The two landlords - Woman (Wendy Robie) and Man (Everett McGill) in The People Under the Stairs (1991)
The two landlords – Woman (Wendy Robie) and Man (Everett McGill)
The PeoplA bondage gear-clad Everett McGill threatens Wendy Robie in e Under the Stairs (1991)
A bondage gear-clad Everett McGill threatens Wendy Robie

Wes Craven takes to the horror with a startling intensity. The house is designed as a gloomily claustrophobic labyrinth that has a rubber reality where appearances are never what they seem and anything can collapse into something altogether different – stairs can become slides, windows armoured security screens and walls, floors, even kitchen flues prove to be hiding places – at a moment’s notice. Craven offers a number of genuinely eerie scenes creeping through the cellar, of voices spookily howling from inside the wall and hair-raising pursuits by dogs.

Everett McGill and Wendy Robie, who were also paired as another weird screen couple in tv’s Twin Peaks (1990-1), give out of this world performances. There is nothing in the film more outlandish than the image of Everett McGill (who most of the time only communicates in grunts) running through the house clad in head-to-toe studded black leather bondage gear, wielding a shotgun and roaring incoherently.
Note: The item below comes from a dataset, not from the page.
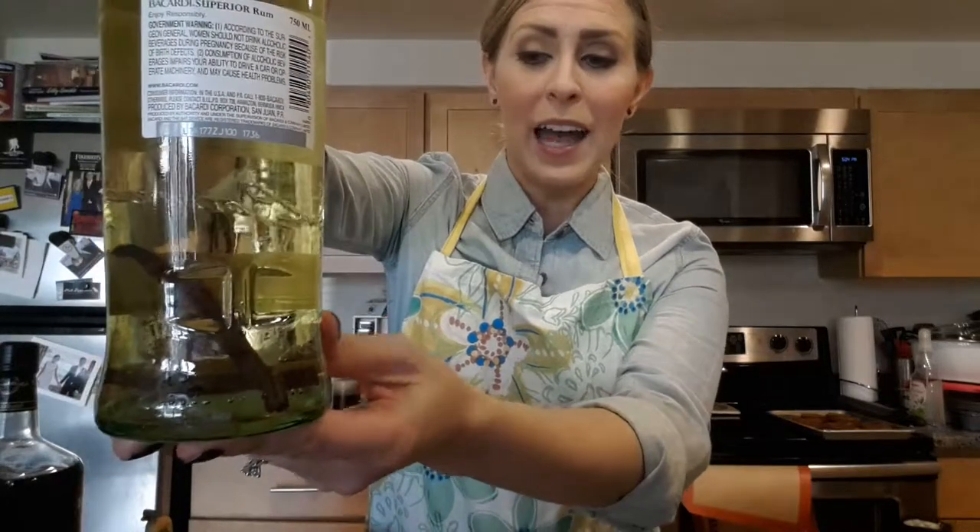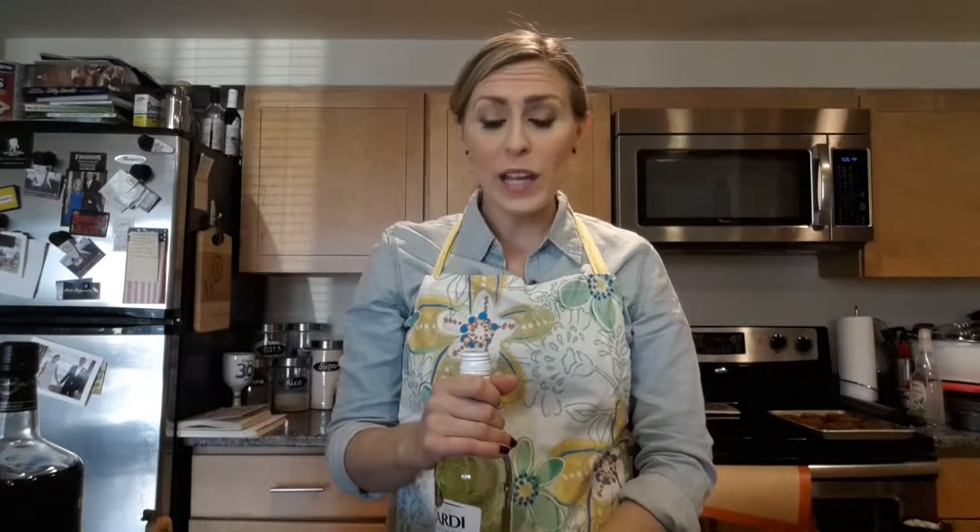So in this Bacardi bottle I have some vanilla beans and a few pods of cardamom. If you're not familiar with cardamom, it's a little green pod from India — it's like the Indian version of cinnamon. It has a tremendously wonderful spicy flavor, and a little goes a long way, so in this bottle I probably only have four or five pods.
Wes Craven’s other genre films are:– the brutality and revenge films The Last House on the Left (1972) and The Hills Have Eyes (1977); the suburban witch film Summer of Fear/Stranger in Our House (1978); Deadly Blessing (1981) about murders around a religious cult; the comic-book adaptation Swamp Thing (1982); Invitation to Hell (tv movie, 1984); A Nightmare on Elm Street (1984); Chiller (tv movie, 1985); The Hills Have Eyes Part II (1985); Deadly Friend (1986) about a teen inventor who revives his girlfriend from the dead; The Serpent and the Rainbow (1988), a strikingly beautiful film about Haitian voodoo; Shocker (1989) a campily incoherent film about an undead executed killer; Night Visions (tv movie, 1990); Wes Craven’s New Nightmare (1994); the Eddie Murphy vampire comedy Vampire in Brooklyn (1995); the slasher deconstruction trilogy of Scream (1996), Scream 2 (1997) and Scream 3 (2000); the werewolf film Cursed (2005); the dispossessed soul slasher film My Soul to Take (2010); and Scre4m/Scream 4 (2011). Wes Craven has also written the scripts for A Nightmare on Elm Street III: The Dream Warriors (1987), Pulse (2006) and The Hills Have Eyes II (2007), and produced Mind Ripper (1995), Wishmaster (1997), Carnival of Souls (1998), Don’t Look Down (1998), Dracula 2000 (2000), Feast (2006), The Breed (2006), The Hills Have Eyes (2006), The Last House on the Left (2009), The Girl in the Photographs (2015) and the tv series Scream: The Series (2015-9). He also created the tv series The People Next Door (1989) and Nightmare Cafe (1992).